3.2 Spatio-Temporal Intensity Function

The spatio-temporal intensity function $\lambda(s, t)$ gives the expected rate of event occurrence per unit space and time:

\[\lambda(s, t) = \lim_{|ds| \to 0, \, dt \to 0} \frac{\mathbb{E}[N(ds \times dt)]}{|ds| \cdot dt}\]

If separable: \(\lambda(s, t) = \lambda_S(s) \cdot \lambda_T(t)\)

This separability simplifies modeling assumptions.
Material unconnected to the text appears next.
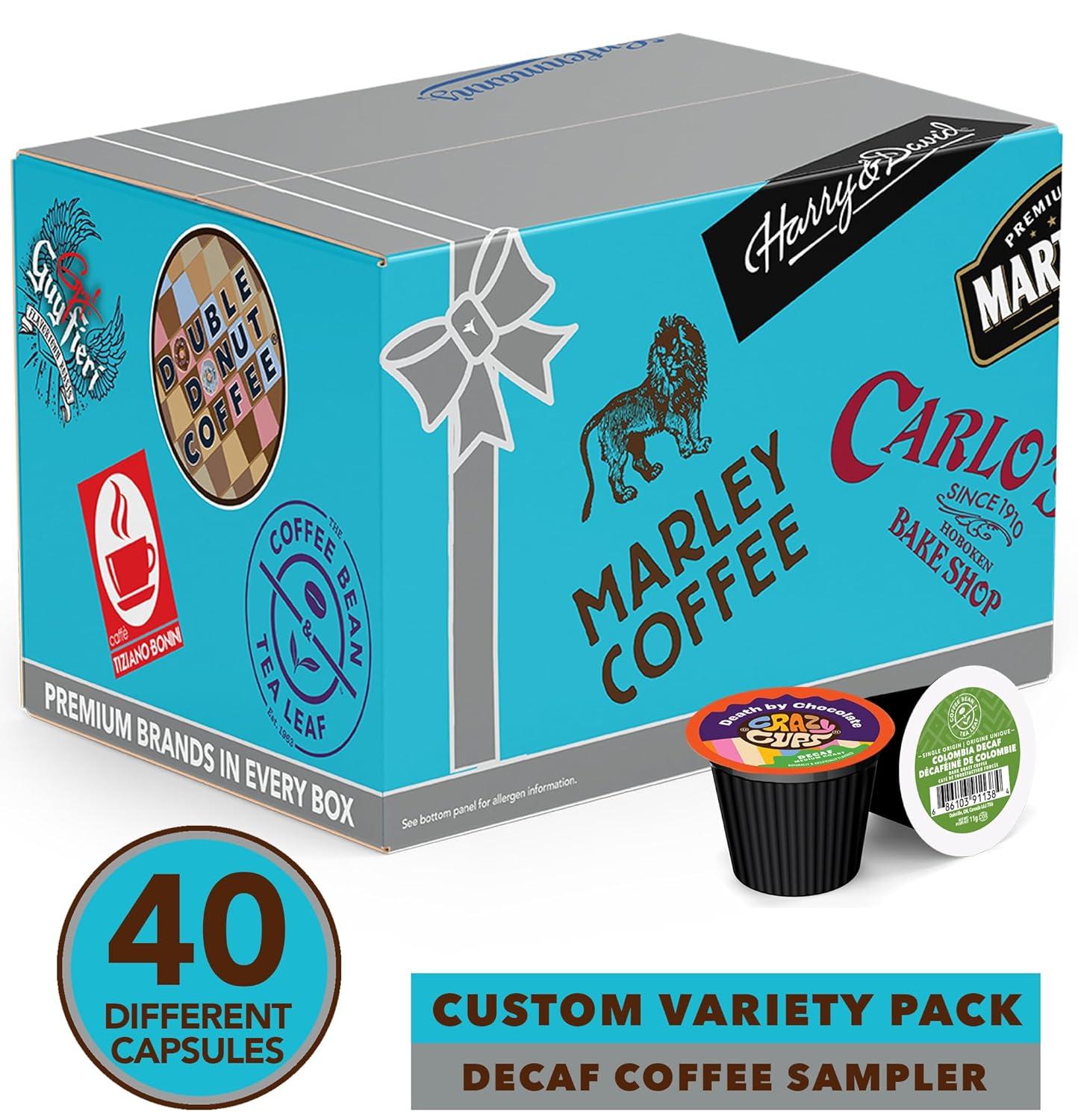 image:imageCrazy Cups Decaf Praline Nutcracker Flavored Coffee Pods Praline Pecan Decaf Coffee Single Serve Coffee for Keurig K Cups Machines Medium Roast Coffee 22 CountDecaf Flavored Variety Pack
3.3 Conditional Intensity Function

When the process is history-dependent (e.g., self-exciting), we define the conditional intensity:

\[\lambda(s, t \mid \mathcal{H}_t) = \lim_{|ds|, dt \to 0} \frac{\mathbb{E}[N(ds \times dt) \mid \mathcal{H}_t]}{|ds| \cdot dt}\]
  • $\mathcal{H}_t$: history of the process up to time $t$.
  • Used in Hawkes processes, where past events increase the likelihood of future events nearby.

3.4 Example Use Case (Urban Crashes)

Let $\lambda(s, t)$ be the intensity of fatal traffic crashes in Charleston over 24 hours.

  • High $\lambda(s, t)$ at downtown intersections between 6-9 AM and 5-7 PM.
  • Low $\lambda(s, t)$ in residential zones at night.

This structure can be inferred and predicted using kernel smoothing or Poisson regression.